In other words, the worldly pontiff selected one of the most important and beloved saints in the 2,000-year history of the Roman Catholic Church. (See my blog post from 15 years ago on how Borromeo—by this time, an archbishop—survived an assassination attempt.)

In addition to charging Borromeo with governing the Papal States, Pius named him Secretary of State, where he supervised the Council of Trent. Though this ecumenical council had been called originally back in 1545, it had only proceeded in stops and starts, and had not convened at all since 1552.

With Pius reconvening members in 1562 and Borromeo working with enormous energy, the third period adjourned in December 1563. By this time, nearly a half century since Luther had challenged Church authority with his 95 Theses, Pius and the council members had given up any hope of bringing the Protestants back into the fold.

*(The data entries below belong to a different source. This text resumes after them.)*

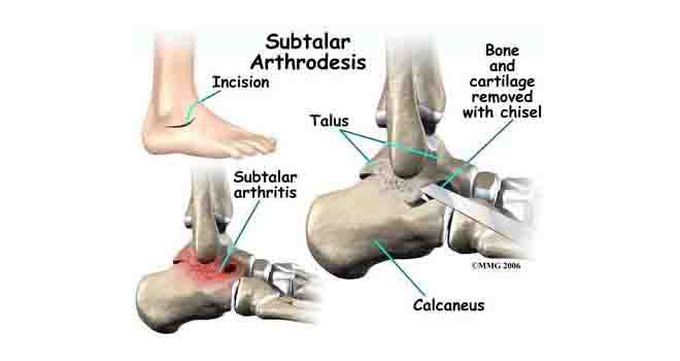 Subtalar Arthrodesis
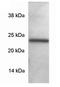 Synaptosomal-associated protein 23 antibody, GTX23340, GeneTex, Western Blot image 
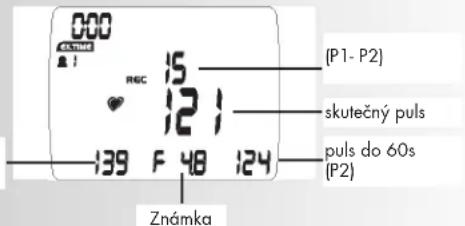 KETTLER Golf M - Poznanka: - 3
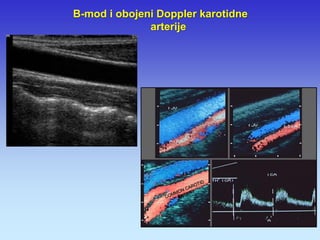 B-mod i obojeni Doppler karotidne arterije  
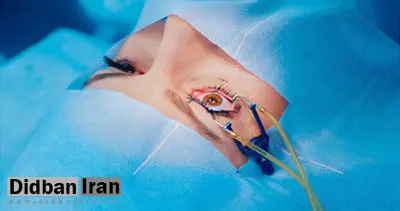 دبیر علمی کنگره چشم‌پزشکی ایران: ازدواج فامیلی سبب افزایش بیماری‌های ارثی شده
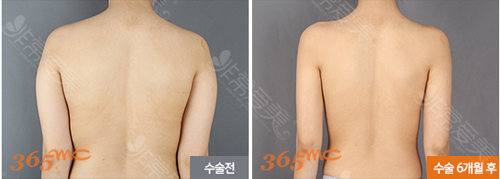 韩国365mc医院背部吸脂手术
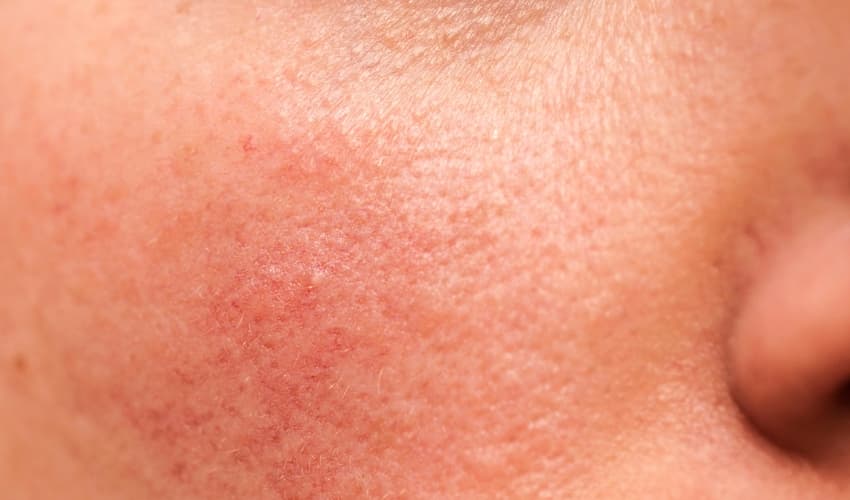Causas y síntomas de la rosacea
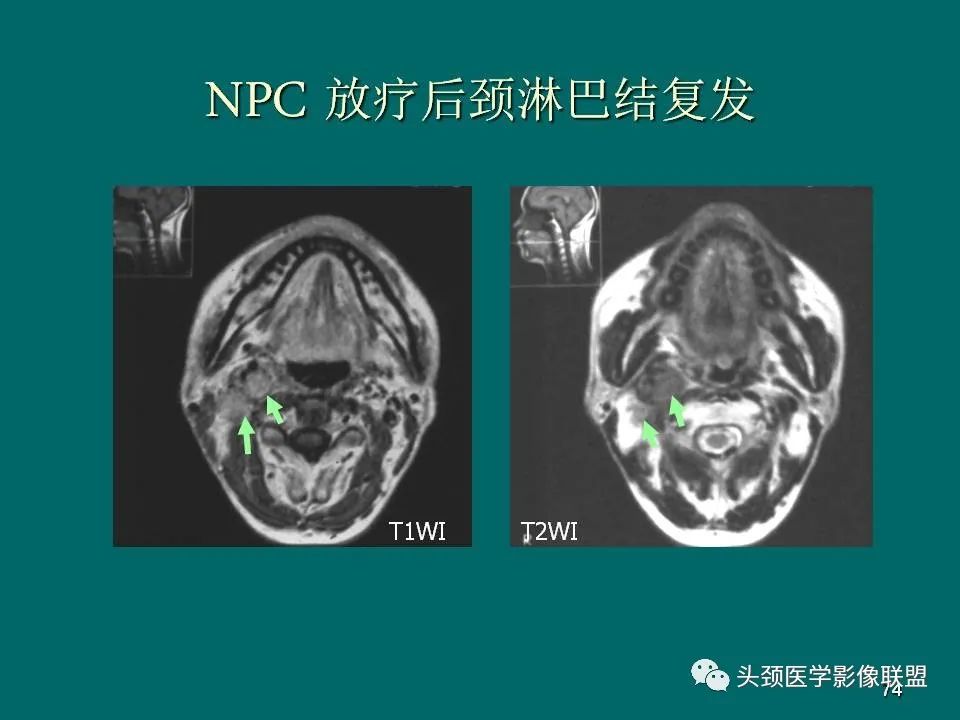 影像PPT - 【PPT】鼻咽癌的MRI诊断-74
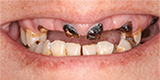 before dental implant treatment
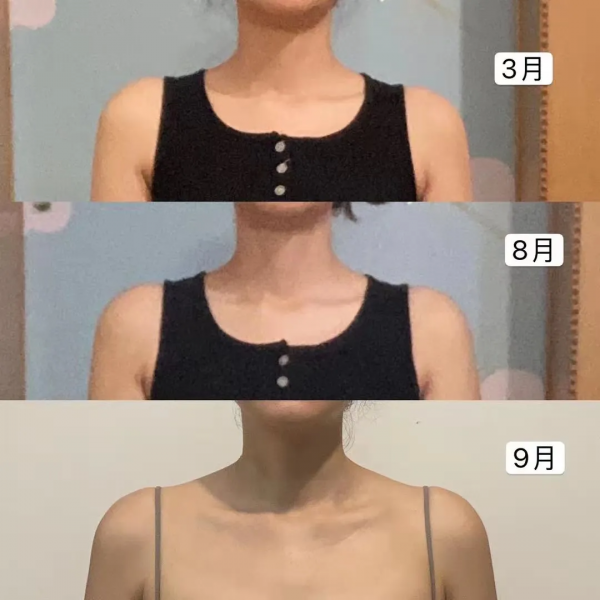 不練直角肩，反而擁有了直角肩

However, Pius was able to prevent more members lost to the new European sects by reforming Church practices and governance in some cases while reaffirming fundamental doctrine in others, including through:

*The first catechism for the Church;

*Limiting the practice of indulgences (the abuse that had launched Luther’s original protest) without completely forbidding their use;

*Reaffirming the number of sacraments as seven and salvation coming through faith and good works;

*Formally defining as dogma the concept of purgatory while warning against "unnecessary speculations concerning the nature and duration of purgatorial punishments";

*Rejecting calls that the Church modify its ban on clerical celibacy;

*Defining the relative authority of bishops and the pope.

By leaving implementation of the decrees in the hands of the pope, the council also boosted the primacy of the pope in Church affairs.

The Council of Trent kick-started the Counter-Reformation, resulting in a Catholic Church culture that was more:

*Emotional, often marked by tearful contrition, pathos in depicting martyrdom, and emphasizing the transitory nature of life on tombstones;

*Puritanical, with even Michelangelo’s nude figures on “The Last Judgment” covered with fig leaves (but, as I explained in this prior post, such proscriptions defanged fanatics who, alarmed by "lascivious" and "pagan" subjects proscribed, allowing religious imagery to continue flourishing);

*Mystical, particularly with reference to saints;

*Devotional, including in more frequent reception of the Eucharist.

As with so much of Church history, reform and reaction alternated under the Renaissance popes. In contrast to Paul IV, for instance, Pius avoided harshness and persecution.

Though Queen Elizabeth of England was favoring Protestantism, Pius did not excommunicate her. The worst excesses of the Index of Forbidden Books and the Inquisition were curtailed, though not completely abandoned. He moderated, and in some cases eliminated, restrictions on Jews that had been implemented under Paul. Non-believers could move around more freely than they could under Paul.

Like other Renaissance popes, Pius genuinely believed in the power of art to further the Church’s mission. He gave Michelangelo one of his last commissions: turning a large hall of Diocletian's Baths into the church of S. Maria degli Angeli.

Pius died at age 66 in 1565, serving only five years—less than the seven-year average for pontiffs. But it was long enough to re-energize a Church rocked by tumult and corruption.